DEV Community

Wei Zhang
Wei Zhang

Posted on

How I Built an AI Video Editor as an OpenClaw Skill

Video editing is one of those things that feels fundamentally tied to a GUI. You drag clips, you scrub timelines, you click Export. The whole workflow is built around visual feedback.

So when I set out to build nemo-video — an OpenClaw skill that lets you edit videos by chatting — the first question was: can an AI agent actually do this without a screen?

Turns out yes. But not without a few interesting problems to solve.

The Core Problem: A Backend That Thinks It Has a GUI

NemoVideo's backend AI agent was designed to work with a web interface. It would say things like:

  • "Click the Export button to download your video"
  • "Drag the clip to the timeline"
  • "Check the dashboard for your remaining credits"

None of these instructions make sense when you're talking to an AI assistant in a terminal or chat app. There's no button. There's no timeline to drag things to.

This is the fundamental challenge: the backend doesn't know it's talking to an agent, not a human with a browser.

My solution was to build an interpretation layer — a set of rules baked into the SKILL.md that teaches the OpenClaw agent how to intercept these GUI instructions and replace them with actual API calls.

The Architecture: Three Layers

User chat message
      ↓
OpenClaw agent (reads SKILL.md)
      ↓
  [Router] — decides what to do without forwarding to backend
      ↓ (most messages)
NemoVideo backend via SSE stream
      ↓
  [GUI Translator] — strips GUI instructions, executes API calls
      ↓
Response to user
Enter fullscreen mode Exit fullscreen mode

The router is simple but important. Certain user intents should never reach the backend:

User says Agent does
"export" / "download" Calls render API directly
"how many credits" Calls balance API directly
"upload this file" Calls upload API directly
Everything else Forwards to backend via SSE

This matters because the backend charges credits for processing. If the agent forwarded "export my video" to the backend, it might start a new generation instead of just rendering the existing draft.

SSE Streaming: The Interesting Part

Communication with the backend happens over Server-Sent Events. Here's what a typical request looks like:

curl -s -X POST "$API/run_sse" \
  -H "Authorization: Bearer $TOKEN" \
  -H "Content-Type: application/json" \
  -H "Accept: text/event-stream" \
  --max-time 900 \
  -d '{
    "app_name": "nemo_agent",
    "user_id": "<uid>",
    "session_id": "<sid>",
    "new_message": {
      "parts": [{"text": "add subtitles to my video in Chinese"}]
    }
  }'
Enter fullscreen mode Exit fullscreen mode

The stream returns a mix of:

  • Text responses — what the backend "says" to the user
  • Tool calls — internal operations (fetching assets, running models)
  • Heartbeat events — keepalive signals during long operations

The agent needs to handle all of these correctly. Tool calls and heartbeats should be swallowed silently. Text responses need to go through the GUI translator before being shown to the user.

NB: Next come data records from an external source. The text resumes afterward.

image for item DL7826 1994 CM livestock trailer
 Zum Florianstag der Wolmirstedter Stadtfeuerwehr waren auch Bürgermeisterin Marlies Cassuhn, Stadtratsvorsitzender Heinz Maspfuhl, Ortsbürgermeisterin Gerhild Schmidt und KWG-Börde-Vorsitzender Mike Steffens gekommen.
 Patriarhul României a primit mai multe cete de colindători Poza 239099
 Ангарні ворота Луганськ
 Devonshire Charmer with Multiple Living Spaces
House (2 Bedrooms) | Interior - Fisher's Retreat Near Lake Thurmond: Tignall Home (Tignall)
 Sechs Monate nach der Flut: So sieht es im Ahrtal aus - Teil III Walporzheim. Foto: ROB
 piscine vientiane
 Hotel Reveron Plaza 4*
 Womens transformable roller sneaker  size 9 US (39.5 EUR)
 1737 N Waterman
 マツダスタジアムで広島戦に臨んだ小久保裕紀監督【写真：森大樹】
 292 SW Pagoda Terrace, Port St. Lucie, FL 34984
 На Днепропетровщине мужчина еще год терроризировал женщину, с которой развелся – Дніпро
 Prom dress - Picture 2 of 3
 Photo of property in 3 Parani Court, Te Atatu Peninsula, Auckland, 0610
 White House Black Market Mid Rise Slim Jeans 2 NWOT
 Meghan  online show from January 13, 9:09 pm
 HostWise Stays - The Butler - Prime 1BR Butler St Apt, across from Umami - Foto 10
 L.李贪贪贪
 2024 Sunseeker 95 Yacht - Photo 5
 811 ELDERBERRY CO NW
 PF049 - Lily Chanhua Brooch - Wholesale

Typical durations vary a lot: text responses come back in 5–15 seconds, but video generation can take 100–300 seconds. I added a "still working" message every 2 minutes so users don't think the agent crashed.

The Silent Edit Problem

This was the trickiest part to get right.

About 30% of edit operations return no text at all — only internal tool calls. The backend processes the edit, updates the timeline state, but sends zero user-visible output. From the user's perspective, they type "remove the background music" and... nothing happens.

The fix is a state-diffing approach:

1. Before the edit: query /api/state/.../latest → save current track state
2. Send edit via SSE
3. After stream closes with no text: query state again
4. Compare before/after
5. Report the diff: "✅ BGM track removed (was: Lo-fi Beats, 0–45s)"
Enter fullscreen mode Exit fullscreen mode

The SKILL.md section for this looks roughly like:

#### Silent Response Fallback (CRITICAL)

~30% of edits return no text — only tool calls. When stream closes
with no text:
1. Query state §3.4, compare with previous
2. Report change: "✅ Title added: 'Paradise Found' (white, top-center, 3s)"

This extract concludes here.